None of us really knew how to feel about it. In fact, we moved on completely after about one hour as if nothing had happened. I was more upset about my cut-up clothes and lost pair of glasses, and more glad about an e-mail that a mistake on my transcript had been corrected, than I was grateful for having survived the crash without any serious injuries. Clearly, my vision was impaired in more ways than one.
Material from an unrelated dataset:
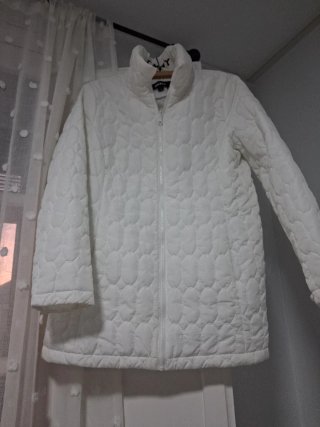 Chaqueta ligera blanca DKNY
As silly as it is, the most significant effect of the crash was the little inconvenience of having to survive for three weeks with my blurry vision unaided by glasses. I had hopes that my diminished vision would result in a heightened sense of hearing — that would’ve been great for my piano playing. But contrary to my initial expectations, I found that my hearing seemed muffled. With my senses dulled, I felt like I was in some translucent glass ball, and I became less aware of my surroundings: The extra effort to see through the glass just didn’t seem worth it. With the actual glass lenses replaced by an imaginary glass ball, I found that I was generally less superficial in passing judgments on people, myself included.
Without my glasses, everyone looked pretty good: My eyes smudged out the imperfections and oddities. One day, I was walking with a friend from the Street to our 50-square-foot lab in Jadwin Hall. We happened to be walking past Cottage when I could make out what seemed like three beautiful girls just in their underwear (who knows how they actually looked?). I eagerly asked my friend to describe the details so I could visualize them better. Unfortunately, my friend is Finnish — he’s a man of few words. Just as when I was watching the recent production of “Othello,” I was left to imagine and fill in the details of what I couldn’t see.
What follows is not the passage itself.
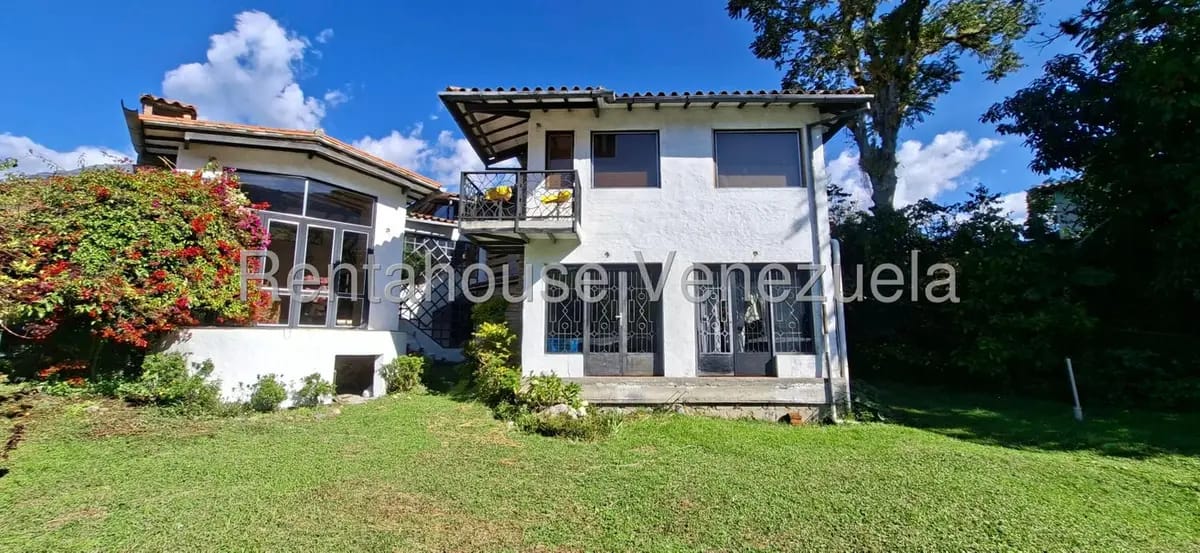 Casa (Multipes Niveles) en Venta en El Valle, Merida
The fact is that we are all innately judgmental. A recent psychological study demonstrated this in two ways, both by arguing that men are judgmental and by revealing the judgmental preconceptions of the researchers themselves. Psychology professor Susan Fiske, Mina Cikara GS and Stanford psychology professor Jennifer Eberhardt recently made public the results of an experiment apparently showing that men view half-naked women as objects. I’m not sure how astonishingly illuminating that is, but apparently it is enlightening enough to be featured in National Geographic. I am no psychologist so I dare not criticize the research, but a sample size of 21 male students from the University seems just a tad too small to draw such a sweeping conclusion about the entire human male population and what evil, superficial, judgmental and image-driven bastards we are.
Ironically, the sample chosen reveals that the researchers were prejudiced in the first place. Why wasn’t an equivalent study done on women? Based on the National Geographic article, Professor Fiske doesn’t think such an experiment would work the same way, because women usually react to men they desire by “interpreting their minds, thinking about what they’re interested in, and then trying to please them.” Is it such a blindingly self-evident fact that men never ever try to read women’s minds, figure out what they like and do whatever makes them happy? Evidently, her intuitive preconceptions blind her intellect and blunt the findings of her research.
Last Friday, I finally got my new pair of glasses. With the glass ball shattered, my prejudices, superficialities and judgments have zoomed back to their original spot between my eyes and the glass lenses, distorting how I perceive the world. That’s what premature judgments are: a subjective distortion of what is. I don’t know if my worldview improves or worsens with my glasses. Maybe I was happier without them.